La riscoperta di Marshall è, però, particolarmente incentivata proprio dalla ricerca d’archivio che ha portato alla luce molti manoscritti che ancora non erano conosciuti. Manoscritti preziosi, tra cui uno, importantissimo per l’evoluzione degli studi marshalliani. Becattini aveva trovato questo manoscritto nel 1970 nell’archivio della Marshall Library e lo aveva fotocopiato su autorizzazione di Piero Sraffa, a quel tempo bibliotecario della library. Di questo manoscritto aveva intuito la portata senza però comprenderlo fino in fondo perché relativo ad un argomento a lui non troppo familiare: “avvertii – ricorda – l’importanza di quel blocco [di manoscritti] … ma la [loro] lettura mi si presentò subito impervia. Come decifrare con la mia preparazione i riferimenti espliciti e cogliere quegli impliciti ad un dibattito filosofico inglese degli anni 50 e 60 [dell’800] … ed estrarre da quelle discussioni specialistiche qualcosa che gettasse la luce sul Marshall economista?”. Quel manoscritto lo tenne in un cassetto fino a che – così raccontava – nel 1987 non trovò un ricercatore di filosofia che accettò di lavorare all’interpretazione di quel testo: il manoscritto era Ye Machine e il ricercatore Tiziano Raffaelli. Da questo momento inizia una preziosa collaborazione tra Becattini Raffaelli e Marco Dardi da cui scaturisce una serie di pubblicazioni: dalla nascita del Marshall Studies Bulletin nel 1991 all’Elgar Companion to Alfred Marshall del 2006 a The impact of Alfred Marshall ideas: the global diffusion of his work del 2010.

Ho avuto la fortuna di avere Becattini, insieme a Tiziano, come mio relatore per la tesi di dottorato. È stato Becattini a insegnarmi l’importanza dello sporcarmi le mani con la polvere d’archivio facendomi perfino ripescare del materiale che solo lui sapeva che c’era e dov’era – non il direttore della biblioteca non l’archivista della Marshall Library-; mi ha insegnato il valore di esplorare in profondità ben oltre i testi pubblicati soprattutto davanti a interpretazioni semplicistiche e superficiali date ad autori complessi com’era appunto nel caso di Marshall. Mi ha insegnato l’importanza della multidisciplinarietà che mai chi si occupa di economica dovrebbe dimenticare.

Ho passato molte ore a chiacchierare con Becattini nel suo salotto di Scandicci. Si parlava di Marshall ovviamente ma anche e molto di Cambridge. Becattini ricordava di aver avuto, la prima volta che era stato a Cambridge nel 1963, una sorta di “sindrome di Stendhal”, quasi da perdere i sensi.
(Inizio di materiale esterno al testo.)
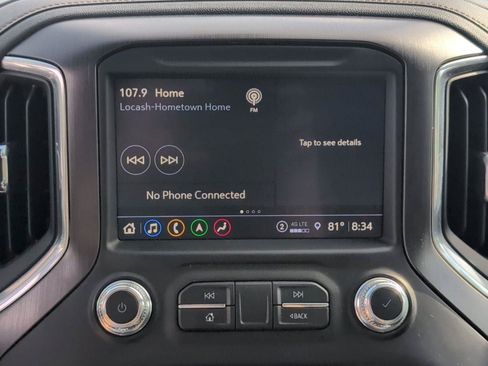 Used 2023 GMC Sierra 2500 AT4 w/ AT4 Preferred Package AWD/4WD image 23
Cambridge per molti anni è stato il suo rifugio, ed è un luogo che ha sempre amato molto e che ogni volta ne parlava, soprattutto negli ultimi anni, gli brillavano gli occhi per l’emozione e la profonda gioia.

Si parlava anche della vita in quel salotto di Scandicci, della sua crudeltà, della sua magia; si parlava di politica e anche dei “brigidini”, di cui era molto goloso.

Becattini aveva spesso dei modi severi a tratti ruvidi, ma poi sapeva anche sorprenderti con una improvvisa ed inattesa dolcezza, con un inatteso sorriso affettuoso carico di tenerezza. Quel sorriso insieme ai tanti insegnamenti lo porterò sempre con me, come credo tutti coloro che hanno avuto la fortuna di conoscere un po’ da vicino Giacomo Becattini.